You can see that three named entities were identified. To see the detail of each named entity, you can use the text, label, and the spacy.explain method which takes the entity object as a parameter.

for entity in sen.ents:  
    print(entity.text + ' - ' + entity.label_ + ' - ' + str(spacy.explain(entity.label_)))

In the output, you will see the name of the entity along with the entity type and a small description of the entity as shown below:

Manchester United - ORG - Companies, agencies, institutions, etc.  
Harry Kane - PERSON - People, including fictional  
$90 million - MONEY - Monetary values, including unit

You can see that "Manchester United" has been correctly identified as an organization, company, etc. Similarly, "Harry Kane" has been identified as a person and finally, "$90 million" has been correctly identified as an entity of type Money.

Adding New Entities

You can also add new entities to an existing document. For instance in the following example, "Nesfruita" is not identified as a company by the spaCy library.

sen = sp(u'Nesfruita is setting up a new company in India')  
for entity in sen.ents:  
    print(entity.text + ' - ' + entity.label_ + ' - ' + str(spacy.explain(entity.label_)))

Output:

India - GPE - Countries, cities, states  

From the output, you can see that only India has been identified as an entity.

Now to add "Nesfruita" as an entity of type "ORG" to our document, we need to execute the following steps:

from spacy.tokens import Span

ORG = sen.vocab.strings[u'ORG']  
new_entity = Span(sen, 0, 1, label=ORG)  
sen.ents = list(sen.ents) + [new_entity]  

First, we need to import the Span class from the spacy.tokens module. Next, we need to get the hash value of the ORG entity type from our document. After that, we need to assign the hash value of ORG to the span. Since "Nesfruita" is the first word in the document, the span is 0-1. Finally, we need to add the new entity span to the list of entities. Now if you execute the following script, you will see "Nesfruita" in the list of entities.

for entity in sen.ents:  
    print(entity.text + ' - ' + entity.label_ + ' - ' + str(spacy.explain(entity.label_)))
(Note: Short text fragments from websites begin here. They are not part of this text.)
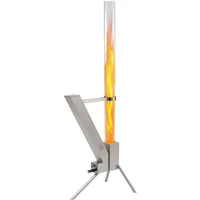 Youyijia Feuerrohr Edelstahl, Feuersäule Outdoor, Feuerrohr Pelletfackel, Dekorativer Terrassenofen – Raketenofen für Camping, Garten, Terrasse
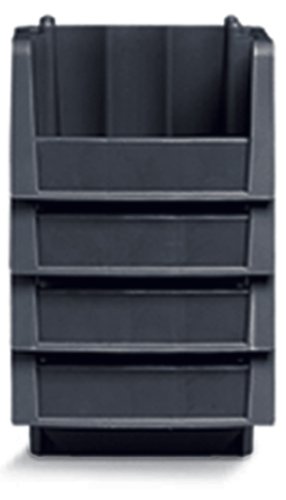 Akro-Mils 30796 Economy Stacking Shelf Plastic Storage Bins, (9-Inch x 6-5/8-Inch x 5-Inch), Black (10-Pack)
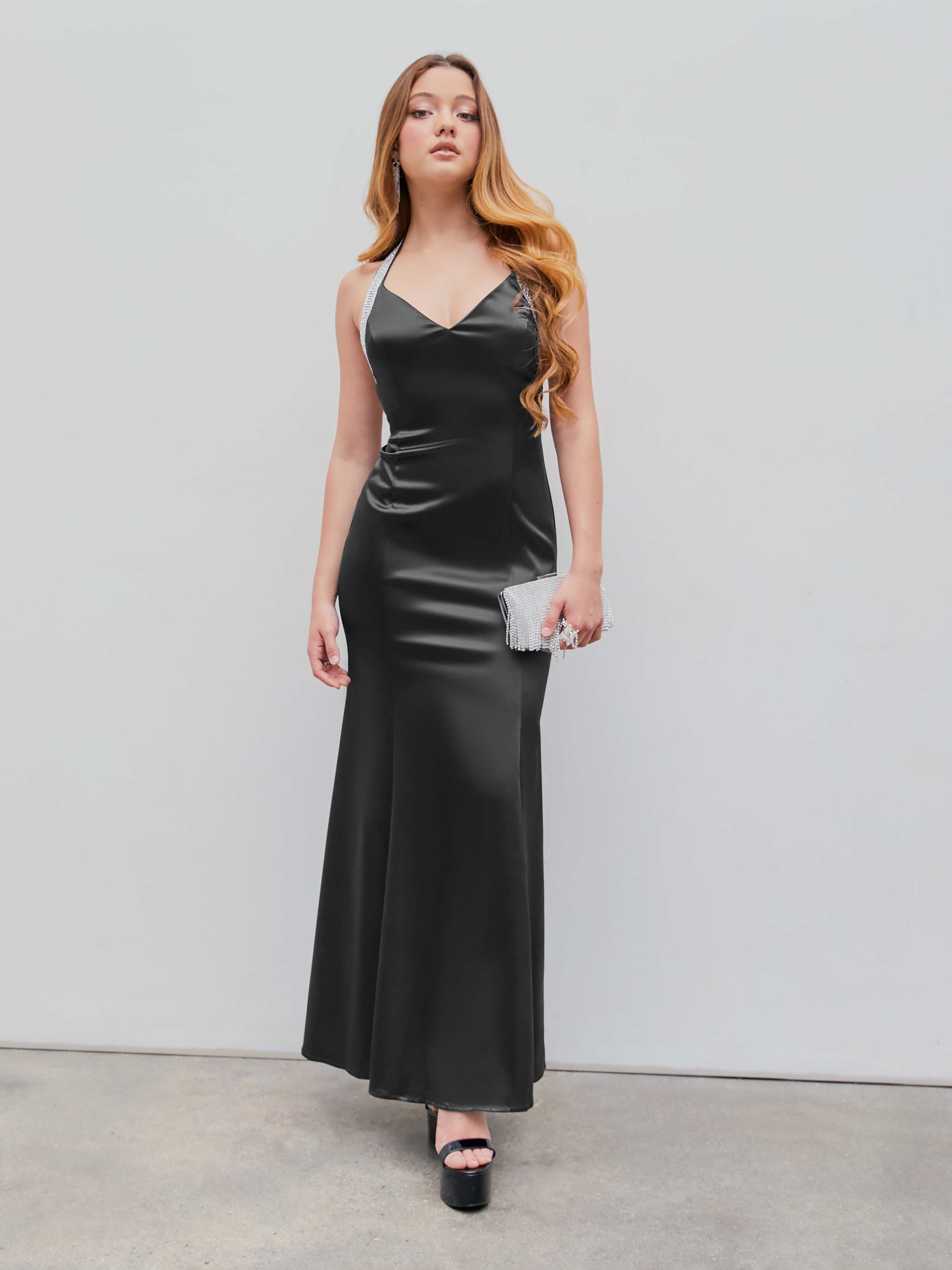 Silk Solid Halter Rhinestone Maxi Dress For Partyclubbing 4575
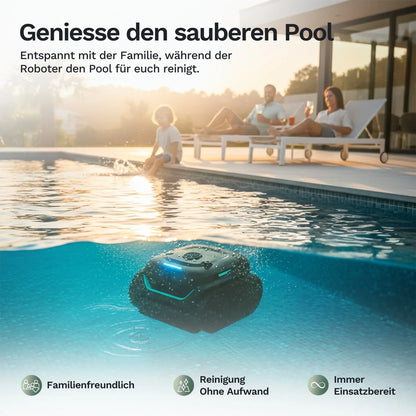 Wybot C2 Vision Poolreiniger im Becken: schwarzer Roboter mit grünen LED-Linien und Wassertropfen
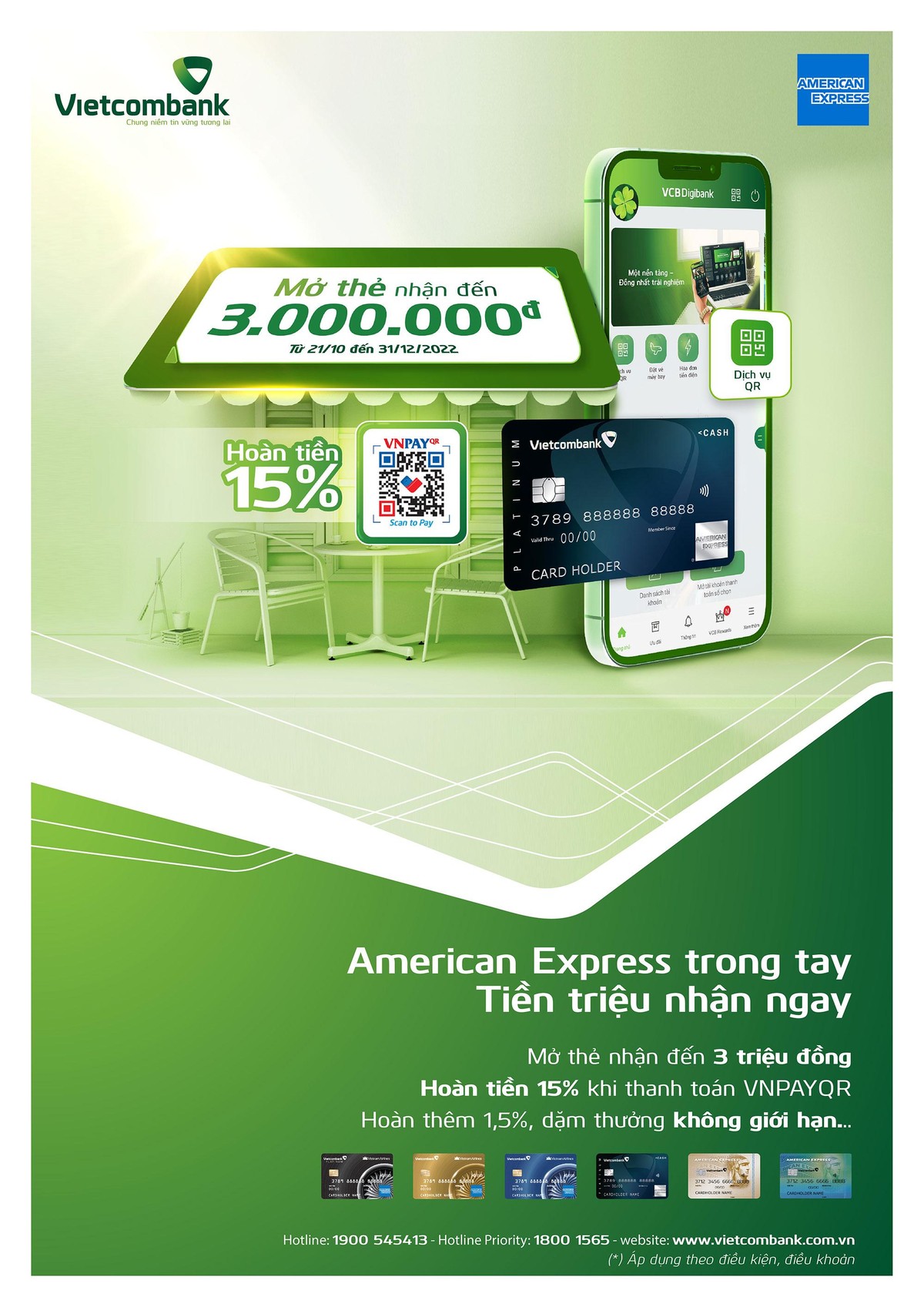 Bùng nổ ưu đãi cùng thẻ Vietcombank American Express | Tin nhanh chứng khoán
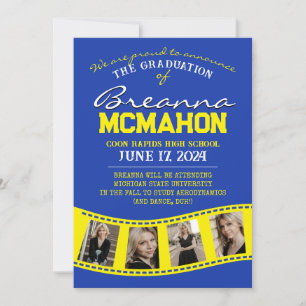 Blue & Yellow Filmstrip Afstuderen Aankondiging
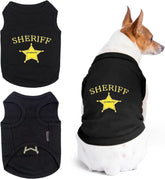 Dog Tshirt - Embroidered “ Sheriff “ Dogs Apparel - Lightweight and Skin Friendly Dog Clothes - Sleeveless Doggy Tee Shirts - Machine Washable Shirt for Large Dogs - XL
The output of the script above looks like this:

Nesfruita - ORG - Companies, agencies, institutions, etc.  
India - GPE - Countries, cities, states  

Counting Entities

In the case of POS tags, we could count the frequency of each POS tag in a document using a special method sen.count_by. However, for named entities, no such method exists. We can manually count the frequency of each entity type. Suppose we have the following document along with its entities:

sen = sp(u'Manchester United is looking to sign Harry Kane for $90 million. David demand 100 Million Dollars')  
for entity in sen.ents:  
    print(entity.text + ' - ' + entity.label_ + ' - ' + str(spacy.explain(entity.label_)))

Output:

Manchester United - ORG - Companies, agencies, institutions, etc.  
Harry Kane - PERSON - People, including fictional  
$90 million - MONEY - Monetary values, including unit
David - PERSON - People, including fictional  
100 Million Dollars - MONEY - Monetary values, including unit  

To count the person type entities in the above document, we can use the following script:

len([ent for ent in sen.ents if ent.label_=='PERSON'])  

In the output, you will see 2 since there are 2 entities of type PERSON in the document.

Visualizing Named Entities

Like the POS tags, we can also view named entities inside the Jupyter notebook as well as in the browser.

To do so, we will again use the displacy object. Look at the following example:

from spacy import displacy

sen = sp(u'Manchester United is looking to sign Harry Kane for $90 million. David demand 100 Million Dollars')  
displacy.render(sen, style='ent', jupyter=True)  

You can see that the only difference between visualizing named entities and POS tags is that here in case of named entities we passed ent as the value for the style parameter. The output of the script above looks like this:

You can see from the output that the named entities have been highlighted in different colors along with their entity types.

You can also filter which entity types to display. To do so, you need to pass the type of the entities to display in a list, which is then passed as a value to the ents key of a dictionary. The dictionary is then passed to the options parameter of the render method of the displacy module as shown below:

filter = {'ents': ['ORG']}  
displacy.render(sen, style='ent', jupyter=True, options=filter)  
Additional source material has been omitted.